■ What you should do ■
Which lines below fall between the one containing "Clutch-averaged hatchling morphometrics." and the one containing "2014 Investordetailexcel"? Repeat them exactly, counting both of those lines, and add nothing else.

■ Given records ■

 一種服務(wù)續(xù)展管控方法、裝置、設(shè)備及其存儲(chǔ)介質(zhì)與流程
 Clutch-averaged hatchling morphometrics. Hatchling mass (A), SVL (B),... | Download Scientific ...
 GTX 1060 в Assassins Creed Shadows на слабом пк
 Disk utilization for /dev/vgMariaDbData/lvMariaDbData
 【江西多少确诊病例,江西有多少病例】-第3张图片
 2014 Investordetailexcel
==
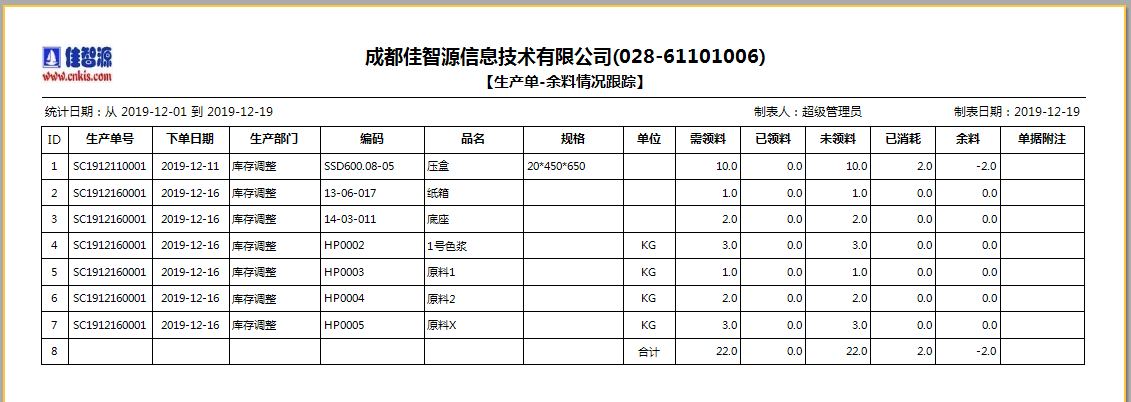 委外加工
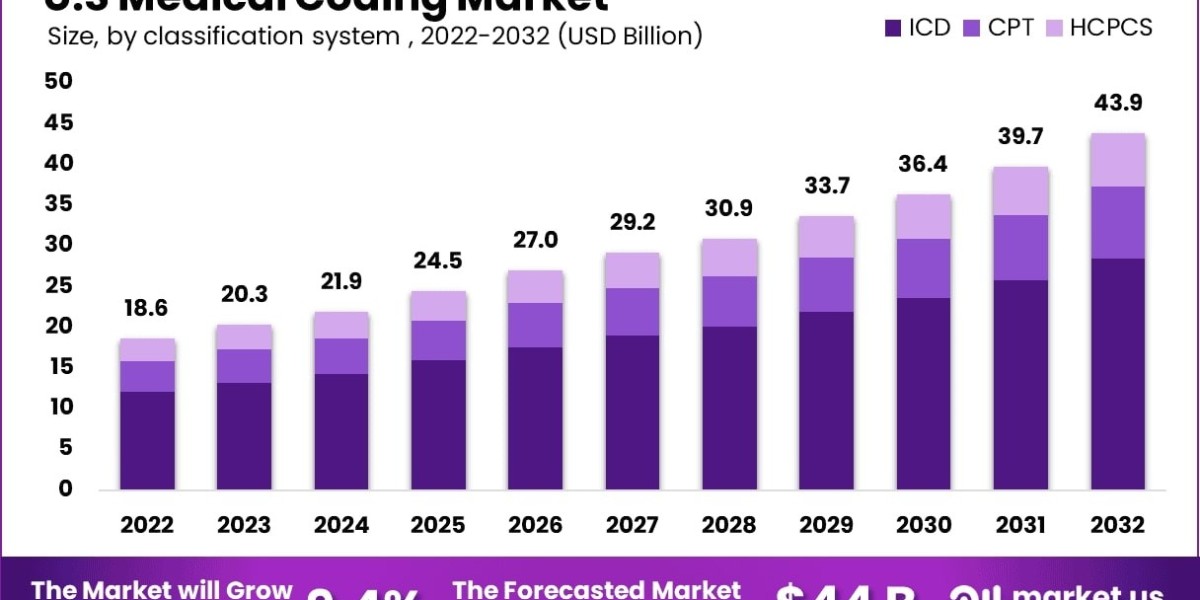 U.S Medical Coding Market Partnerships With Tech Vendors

■ Answer section ■
 Clutch-averaged hatchling morphometrics. Hatchling mass (A), SVL (B),... | Download Scientific ...
 GTX 1060 в Assassins Creed Shadows на слабом пк
 Disk utilization for /dev/vgMariaDbData/lvMariaDbData
 【江西多少确诊病例,江西有多少病例】-第3张图片
 2014 Investordetailexcel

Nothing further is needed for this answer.